On the recommendation of U.S. Attorney Jeff Jensen, who served as an FBI agent for more than a decade, the Justice Department on Thursday moved to drop its case against Flynn. The stunning development came after internal memos were released raising serious questions about the nature of the investigation that led to Flynn’s late 2017 guilty plea of lying to the FBI as his legal fees mounted.


One of the documents was a top official's handwritten memo debating whether the FBI's "goal" was "to get him to lie, so we can prosecute him or get him fired"; other materials showed efforts by anti-Trump FBI agent Peter Strzok to pursue Flynn on increasingly flimsy legal grounds.
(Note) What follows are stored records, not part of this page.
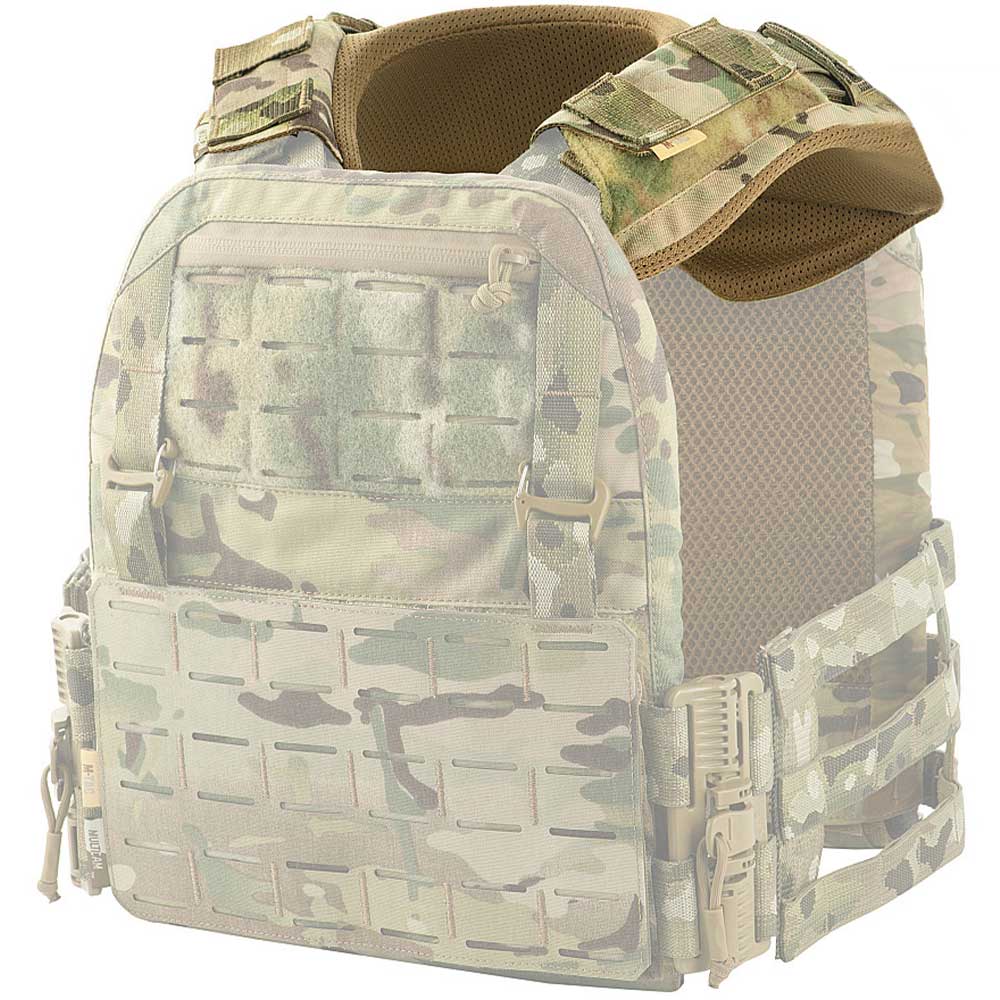 Nakładka naramienna M-Tac na kamizelkę Cuirass QRS - MultiCam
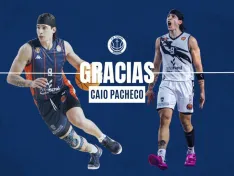 Caio Pacheco abandona el Club Baloncesto Tizona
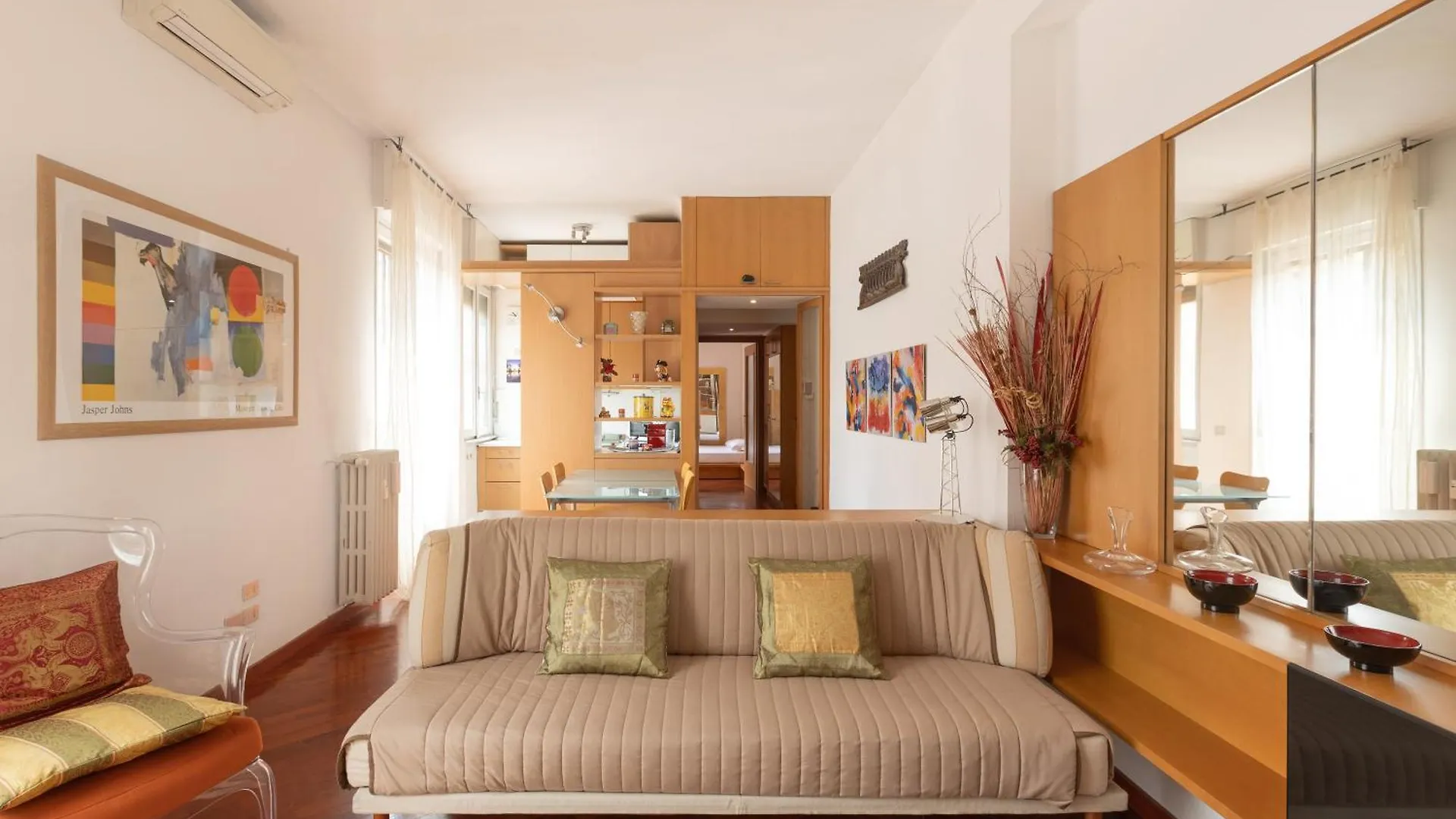 Cozy One Bedroom Apartment Via Volta - Mirable Pm Milano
The FBI possessed word-for-word transcripts of Flynn's December 2016 conversations with Russia's ambassador, and publicly admitted to reviewing those transcripts and clearing Flynn of any wrongdoing. The FBI's leak to The Washington Post that claimed the FBI cleared Flynn -- which was published just a day before the Flynn White House interview -- may have been an effort to lower his guard.


Both during and before the Jan. 24, 2017 White House interview that led to Flynn's prosecution for one count of lying to the FBI, the bureau acknowledged having those full transcripts, raising the question of why agents would need to ask Flynn about what he said during the calls with Kislyak, except potentially as a pretext to obtain a false statements charge.

Flynn was accused specifically of giving equivocal and evasive answers to FBI agents in the White House during a casual interview concerning those phone calls, but no transcript of the conversation existed. Instead, after-the-fact FBI notes of the interview with Strzok and Joe Pientka were the primary evidence.


Strzok later was removed from then-Special Counsel Robert Mueller's team when his anti-Trump text messages surfaced, and Pientka has been under scrutiny for his role in various Trump probes.

Pientka has been scrubbed from the FBI website after Fox News asked the bureau about him, and several Republican lawmakers have been seeking to question him.